BEGIN
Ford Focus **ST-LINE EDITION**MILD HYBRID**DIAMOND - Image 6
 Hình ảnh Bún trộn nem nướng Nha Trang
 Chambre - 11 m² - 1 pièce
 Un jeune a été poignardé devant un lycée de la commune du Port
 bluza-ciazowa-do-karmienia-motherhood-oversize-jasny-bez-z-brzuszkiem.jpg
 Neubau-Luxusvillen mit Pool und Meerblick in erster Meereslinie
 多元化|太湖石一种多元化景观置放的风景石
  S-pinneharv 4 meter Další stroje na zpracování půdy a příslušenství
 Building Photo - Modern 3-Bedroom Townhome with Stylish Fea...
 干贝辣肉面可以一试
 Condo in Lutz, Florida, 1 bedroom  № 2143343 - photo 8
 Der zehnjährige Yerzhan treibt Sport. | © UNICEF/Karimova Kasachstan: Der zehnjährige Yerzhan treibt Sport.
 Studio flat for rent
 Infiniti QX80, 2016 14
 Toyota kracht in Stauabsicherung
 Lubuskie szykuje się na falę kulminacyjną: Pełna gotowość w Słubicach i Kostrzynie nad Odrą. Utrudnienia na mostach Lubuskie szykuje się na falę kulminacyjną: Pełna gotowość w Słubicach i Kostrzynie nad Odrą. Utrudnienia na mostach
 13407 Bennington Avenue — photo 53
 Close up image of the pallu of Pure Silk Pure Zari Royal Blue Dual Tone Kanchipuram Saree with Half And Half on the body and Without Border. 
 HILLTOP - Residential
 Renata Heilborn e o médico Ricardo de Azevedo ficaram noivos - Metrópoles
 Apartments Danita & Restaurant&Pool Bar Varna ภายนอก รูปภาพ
END
Assignment: Could you output every entry from the listing above without altering a word?

Task response:
Ford Focus **ST-LINE EDITION**MILD HYBRID**DIAMOND - Image 6
 Hình ảnh Bún trộn nem nướng Nha Trang
 Chambre - 11 m² - 1 pièce
 Un jeune a été poignardé devant un lycée de la commune du Port
 bluza-ciazowa-do-karmienia-motherhood-oversize-jasny-bez-z-brzuszkiem.jpg
 Neubau-Luxusvillen mit Pool und Meerblick in erster Meereslinie
 多元化|太湖石一种多元化景观置放的风景石
  S-pinneharv 4 meter Další stroje na zpracování půdy a příslušenství
 Building Photo - Modern 3-Bedroom Townhome with Stylish Fea...
 干贝辣肉面可以一试
 Condo in Lutz, Florida, 1 bedroom  № 2143343 - photo 8
 Der zehnjährige Yerzhan treibt Sport. | © UNICEF/Karimova Kasachstan: Der zehnjährige Yerzhan treibt Sport.
 Studio flat for rent
 Infiniti QX80, 2016 14
 Toyota kracht in Stauabsicherung
 Lubuskie szykuje się na falę kulminacyjną: Pełna gotowość w Słubicach i Kostrzynie nad Odrą. Utrudnienia na mostach Lubuskie szykuje się na falę kulminacyjną: Pełna gotowość w Słubicach i Kostrzynie nad Odrą. Utrudnienia na mostach
 13407 Bennington Avenue — photo 53
 Close up image of the pallu of Pure Silk Pure Zari Royal Blue Dual Tone Kanchipuram Saree with Half And Half on the body and Without Border. 
 HILLTOP - Residential
 Renata Heilborn e o médico Ricardo de Azevedo ficaram noivos - Metrópoles
 Apartments Danita & Restaurant&Pool Bar Varna ภายนอก รูปภาพ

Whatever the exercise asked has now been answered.